In the meantime, MP3.com does have some tangible benefits for artists and consumers. Seattle’s Kevin Goldman says that MP3.com is one of the sites he chose to promote his band, Maktub, for several reasons. It allows him to upload songs, offer sample tracks, and organize these tracks into CDs that MP3.com in turn manufactures and sells for 50 percent over whatever price he sets; currently, a five-song Maktub EP is available for $5.99. Another factor is that the site is easy to navigate. MP3.com may get faulted for overloading users with choices, but the search engine passes muster for Maktub. “If I run into a friend in the street and tell him to go to MP3.com,” Goldman says, “I want them to [find our song] without being confused. MP3.com is a really solid site.” He adds that a band can extend this concept, sending an email plugging its MP3s to recipients on the mailing lists that bands traditionally maintain to keep in contact with fans.
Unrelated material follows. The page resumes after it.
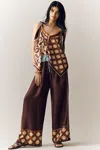 Alemais Wilson Silk Pants In Multi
But most musicians don’t have such a hands-on attitude. That’s why the ultimate goal is to sign with a label, which in theory separates the bad bands from the good, thus facilitating the music world version of Darwinism. The record industry, and increasingly the music-minded sector of the tech industry, refuses to swallow Robertson’s vision whole. Fully aware that there’s money to be made and music to be promoted on the Web, they’re sticking closer to the original system. “MP3.com is a Web site for people who are interested in a file format, not for people who are interested in music,” says Matt Wishnow of Insound.com, a fledgling New York-based site. Insound.com works directly with labels and artists, offering downloads, custom compilations, a record store, zines, and streamed videos; it mainly caters to an indie-rock crowd. “It’s not to say the content [on MP3.com] is bad,” Wishnow adds. “It’s just completely unfiltered.”

OTHER COMPETITORS ARE less charitable toward free MP3 sites. “It’s a Utopian ideal they have in allowing anyone to post songs,” says Rich Bauer, executive vice president of CDuctive. “I’m sure it’s meaningful to the [bands], but it’s not meaningful to anyone else.” Bauer’s company consists of a street team that scouts talent, then signs labels and the artists to deals that include selling CDs, tracks to be used on custom CDs, and downloadable songs.

Taking the scouting idea one step further is the just-launched Garageband.com, a San Francisco-based company cofounded by former Talking Heads guitarist and current rock producer Jerry Harrison. The new site allows artists to upload songs, which in turn are scrutinized and voted on by a community of peers and record producers. Eventually, Garageband.com will serve as a sort of label, offering $250,000 recording contracts to those whose songs score best.

All of this is academic to Robertson, who plows on with MP3.com, striking deals (the latest allows him to post previously unreleased live recordings by Tina Turner) and preaching his gospel. “Any artist who thinks they’re going to make a living selling CDs is wrong,” he says, allowing that some superstars buck this thesis. “Artists have to take advantage of a lot of resources.”